Someone was in the kitchen building in the back of the tent. The electric light blazed from the partially opened door, so as Kell went up to the set of low bookshelves in the mess tent, he looked into the kitchen, and saw a very familiar pair of shoulders.
The butterflies in his stomach went into high gear, like they’d been startled from pure stillness into frantic flight. He didn’t quite know what to do with feeling like he was being called, pulled from the front of the mess tent, all the way through, past the row of now-empty steamers, to the rubber mat between the mess tent and the kitchen building.
It smelled a little like cleanser and soap, maybe a trace of onions in the breezeway between the two, though at this hour, everything seemed to want to settle into sleep. Except for Marston beneath the blazing light, his back to the door, busy at the metal table in the middle of the single room.
He must have heard Kell’s step on the threshold, for his shoulders twitched, and he turned around. His eyes were level and there was almost no expression in them, and beneath the bright light, the planes of his face were hard.

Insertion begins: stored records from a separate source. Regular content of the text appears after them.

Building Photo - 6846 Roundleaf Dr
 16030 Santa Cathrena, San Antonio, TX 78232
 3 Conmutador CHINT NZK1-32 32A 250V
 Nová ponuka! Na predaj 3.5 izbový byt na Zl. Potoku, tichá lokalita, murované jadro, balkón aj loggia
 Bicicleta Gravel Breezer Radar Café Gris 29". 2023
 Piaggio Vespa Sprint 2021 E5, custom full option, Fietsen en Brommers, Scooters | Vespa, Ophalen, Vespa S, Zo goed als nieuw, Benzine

Instead of the regular snap-button shirt that Kell was used to seeing him in, Marston wore a t-shirt that looked like it had been washed and worn a thousand times, the gray cloth faded to pearl.
His neck was bare, and his arms, from the bicep down, were bare, and Kell could imagine him in the silver F150, elbow propped on the open window, driving to nowhere as the sun warmed his skin, and then back again, the evening-cool air swirling all around.
“Hey,” said Kell, feeling foolish and barging ahead, anyway. “I came to get a book and saw the light on.”